Working gas stocks started the heating season at 3.7 Bcf at the end of October, which was 527 Bcf higher than at the same time in 2018 but the third lowest start-of-winter total since 2009. However, because of the unusually mild weather across virtually all the lower-48, inventory levels at the midpoint of the heating season were at their highest levels since 2015-16.
As shown in Figure 2, average daily wintertime use of natural gas for power generation has been growing over the past decade, jumping from 17 Bcf/d in winter 2010-11 to an estimated 28 Bcf/d this winter despite the unseasonably mild weather. Natural gas usage in the power sector during the winter months is part of a general trend that saw average daily deliveries to power generators increase 14.3% in 2018 to 29 Bcf/d, accounting for 35% of all natural gas consumption that year, EIA points out.

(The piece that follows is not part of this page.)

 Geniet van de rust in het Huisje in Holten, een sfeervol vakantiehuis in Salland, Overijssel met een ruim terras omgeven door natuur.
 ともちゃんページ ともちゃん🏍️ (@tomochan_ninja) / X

Although some of the drivers behind the high level of power burn this winter are related to the warm weather and the low cost of supply, a separate study conducted by EIA suggests that using natural gas to generate electricity has long-term economic advantages Modeling the estimated cost of electricity for new generation facilities entering service in 2023, EIA found that only hydroelectric and geothermal had a lower total cost than advanced combined-cycle gas plants, even when targeted tax credits for renewables were included.

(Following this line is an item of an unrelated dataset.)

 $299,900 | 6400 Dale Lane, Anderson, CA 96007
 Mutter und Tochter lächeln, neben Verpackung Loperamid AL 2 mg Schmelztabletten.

In its January Natural Gas Monthly report, EIA says dry natural gas production in November increased year over year for the 31st consecutive month to 96.5 Bcf/d, setting a new record daily rate. November’s output was 7.4 Bcf/d higher than the 89.2 Bcf/d of dry gas produced in November 2018.
Meantime, natural gas consumption in November averaged 89.9 Bcf/d, down slightly from the 90.3 Bcf/d consumed one year earlier. Despite the year-over-year slide attributed to mild weather, however, consumption in November still ranked as the second highest for the month since EIA began using new definitions for consuming sectors in 2001.

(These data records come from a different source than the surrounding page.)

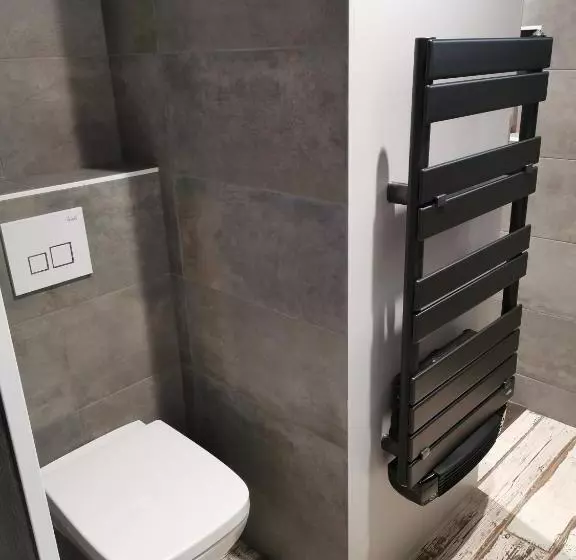 Majatalo Logement Cosy Avec Piscine Et Jacuzzi Privatifs 4 étoiles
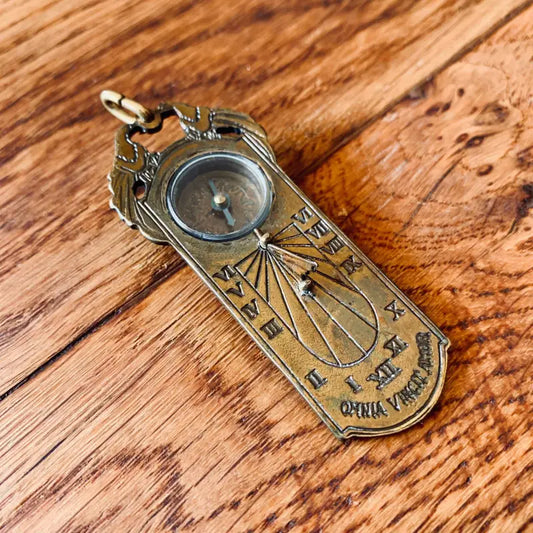 Orologio solare vintage in ottone con bussola e meridiana - Italia 1930 - Orologi portatili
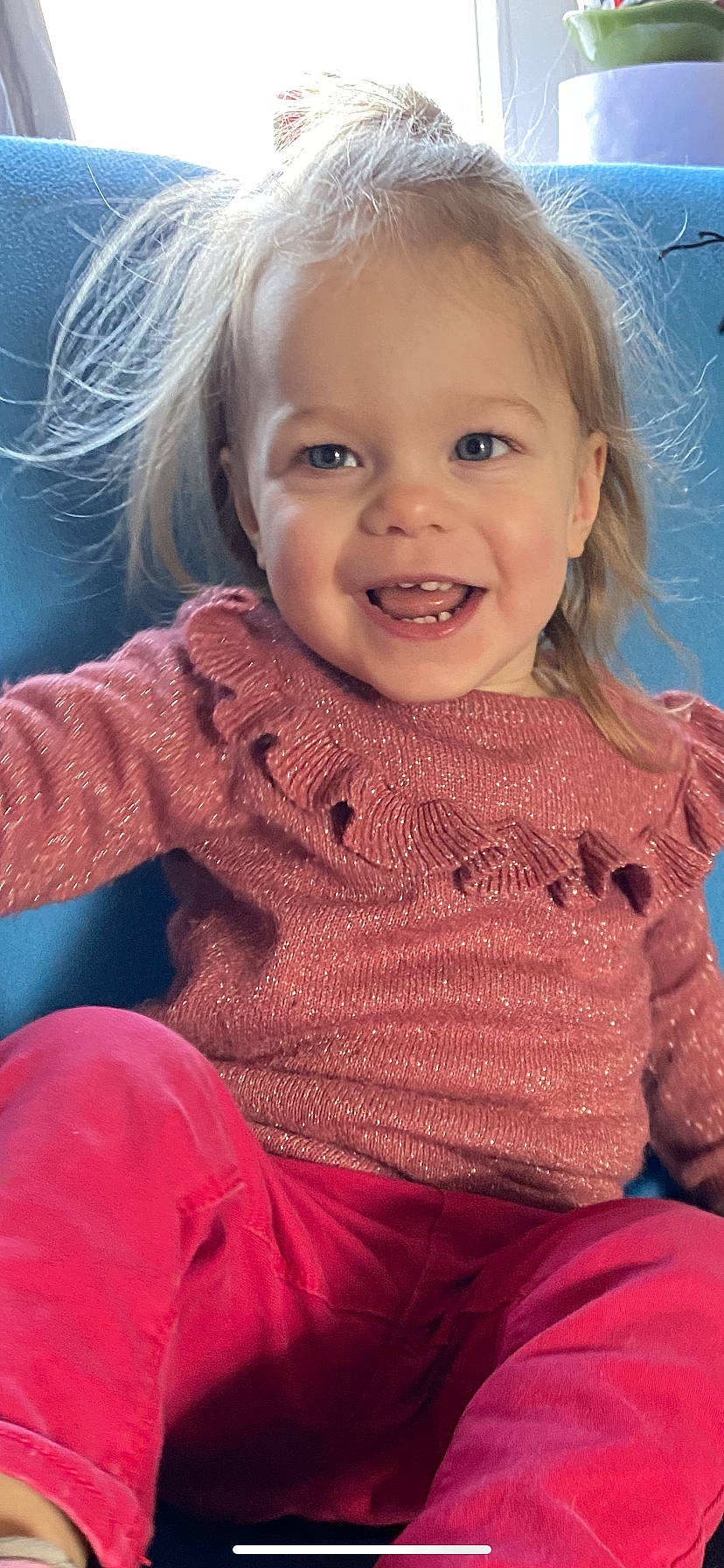 Eléanore a rejoint le concours — aidez-le/la à gagner de superbes lots ! baby_toddler_clothing, cheek, chin, eye, face, facial_expression, hair, hairstyle, head, human, iris, joy, lip, neck, nose, organ, outerwear, person, product, skin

Given the warm temperatures, residential deliveries of dry gas declined 9% in November, and commercial deliveries slipped 6.2% on a year-over-year basis. However, electric power deliveries were up 7.6% to 27.4 Bcf/d, which was the highest for any November on record. Total gas exports also shot up 30.2% compared with November 2018, averaging an all-time high 14.7 Bcf/d.
Liquefied natural gas continued to drive export growth, EIA notes, with LNG exports in November up by a whopping 75.9% compared with November 2018. In total, the United States exported 6.3 Bcf/d of LNG to 22 countries.
In a report issued on Feb. 3, EIA charted U.S. oil and gas production versus the total number of producing wells. The agency found that increased production in 2018 despite a decline in the absolute number of wells reflected advancements in technology, particularly improvements in drilling and hydraulic fracturing techniques.
Wells classified as “nonhorizontal” in the report decreased 10% from 935,000 in 2014 to 842,000 in 2018. Horizontal wells grew from 99,000 in 2014 (10% of the U.S. total producing well count) to 140,000 in 2018 (14% of total producing wells). While only 1% of vertical wells produced at least 100 bbl/d of oil in 2018, 32% of horizontal wells produced more than 100 bbl/d.
In the report, EIA grouped wells into 26 production volume brackets, ranging from less than one barrel of oil equivalent per day to more than 12,800 boe/d. Most U.S. oil and natural gas production comes from wells producing between 50 and 1,600 boe/d. In 2018, wells within this range accounted for 9% of all active wells, but generated 66% of total crude oil and 62% of total natural gas production.